How high-performance computing has changed the world

Supercomputers are nowadays essential tools for a multitude of scientific problems. This article will discuss different paradigms of science and the role supercomputers have in them.

The three paradigms of science

In scientific research, various methods are used to find explanations for natural phenomena and make predictions about their behavior. The traditional methods are experimental and theoretical, the two traditional paradigms of science. Experimental science is based on observations and measurements. Theoretical science develops models, sometimes called laws of nature, which fit or “explain” measurements and, in the best case, predict phenomena that have not yet been observed. Since the mid 20th century, experimental and theoretical science have been complemented by computational science. Computational science can be defined as a discipline concerned with the design, implementation, and use of mathematical models to analyse and solve scientific problems via computer simulations and numerical analysis. The three disciplines or paradigms are often strongly interlinked.

Experimental science

Early astronomy is an example of experimental science. Ancient astronomers watched the skies first with bare eyes and then with telescopes and recorded the positions and movements of the Sun, the Moon, the planets of our solar system and some stars. They noted that their observations followed specific patterns. Similarly, one can drop stones of various weights from towers of different heights and measure the time it takes for the stones to hit the ground. Likewise, the random movement of small particles in liquid (Brownian motion) can be observed with microscopes, elementary particles with particle accelerators, etc.

Different experiments require widely different measurement apparatuses, and carrying out experiments can be very expensive. Nevertheless, experimental science can be considered as the fundamental paradigm: theories and computer simulations are, after all, confirmed or rejected based on the measurements.

Theoretical science

Based on the observations, one may predict the sunset time for a given day and say that the flight time of a rock is roughly the same regardless of its weight when dropped from the same height, and so on. Next, a theoretical scientist takes a look at the results and wonders how they can explain them. For the movement these bodies, mathematical models for gravity and dynamics developed by Newton were able to produce predictions that fit the measured results very nicely.

This is an example of the interplay between the experimental and theoretical approaches. Usually, observations come first, and then a theory is developed to explain them. But not always; for example, Paul Dirac first predicted the existence of the positron (the electron’s antiparticle) in 1931 from a purely theoretical point of view. Subsequently, Carl Anderson confirmed the existence of the positron experimentally in 1932 and received a Nobel prize in 1936 for his discovery.

Computational science

However, there are limits to what can be done with pen and paper or what kind of experiments can be set up. For example, continuing with the astronomical theme, it is easy enough to write down the equations that describe the motion of the Sun, the Moon, and the Earth.
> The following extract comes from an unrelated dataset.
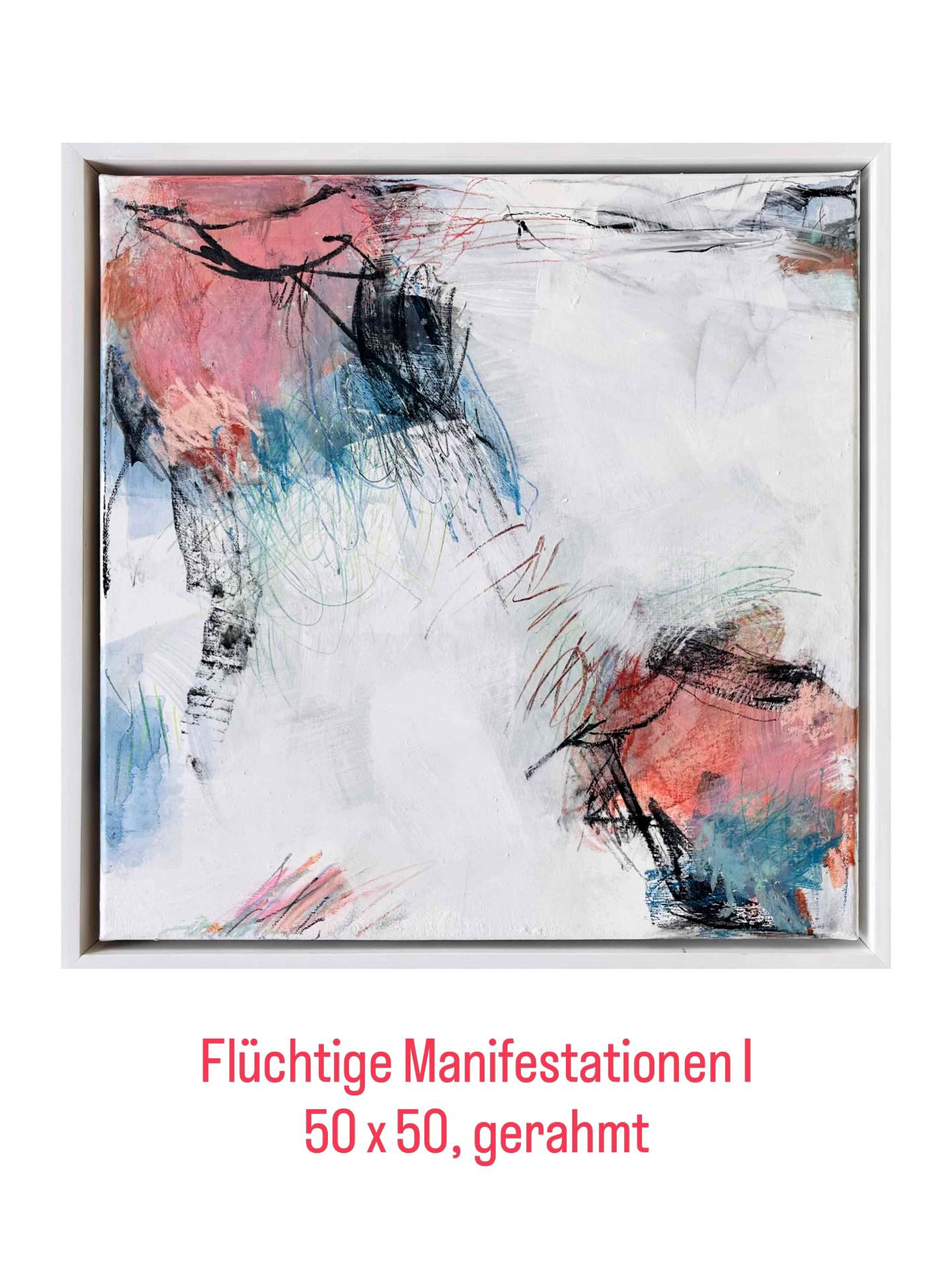 „Flüchtige Manifestationen“. Sie ereignen sich ständig, gestalten das Leben im Moment, im Hier und J…
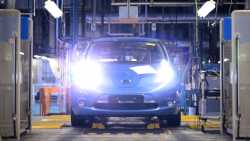 Nissan Leaf Production Line Assembly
This is a so-called three-body problem, a relatively simple group of equations that, however, cannot be solved in closed form. That is, there is no formula where one can plug in time to get the positions of the heavenly bodies involved. Nevertheless, an approximate solution can be found numerically.

On the other hand, consider the climate and glaciers: it is crucial to know what will happen to them in the future. But naturally, we cannot perform experiments on a global scale to find that out. Similarly, in many cases, the required experiments would be too expensive, too dangerous, too slow, too difficult or complex, unethical, and so on. But we may still have an idea of the underlying theory.

In computational science, typically complex mathematical models (e.g., systems of partial differential equations) describing the problem are solved using numerical algorithms which are then implemented as computer programs and finally run on high-performance computers. These steps form a rough outline of a computational science project:

Write down the equations describing the problem. This is called mathematical modeling.
Choose an efficient numerical algorithm for solving the model.
Write a computer program that implements the algorithm efficiently.
Run the resulting program on a computer.

Steps 2-4 are called numerical simulation of the problem.

In this way, experiments can be partially replaced by simulations. Of course, only experiments, if feasible, can validate the model and simulation results.

Computational science is typically based on theoretical models. However, in some cases, computers can also be used to discover and prove mathematical theories. As an example, the so-called Four Color Theorem was proved in the 1970s, not purely by pen and paper, but with the help of a computer.

Data science

Nowadays, data science is sometimes considered a new paradigm. Data science can be defined as a field that uses various mathematical methods and algorithms to extract knowledge and insight from data. This insight can, in some cases, be used for formulating new mathematical models. As an early example, the measurements of Tycho Brahe made up the data that Johannes Kepler analyzed when formulating the Kepler's laws of planetary motion. Later on, Newton showed that Kepler's laws are a consequence of his theory of gravitation.

Two relevant fields related to each other in data science that have become more important in recent years are machine learning and artificial intelligence. Artificial intelligence is defined as technology to simulate intelligence as humans define it. For example, intelligence that we use to play chess or go. This technology doesn’t have predefined static algorithms but algorithms that strive to learn with their own “intelligence” based on previously learned information, which means that as a system, it learns from itself. Machine learning is defined as the algorithms and methods used to predict this information using probabilistic models. Often input to these models is massive data sets which naturally require a large amount of computation to crunch through, which makes machine learning a very good example of a supercomputing application.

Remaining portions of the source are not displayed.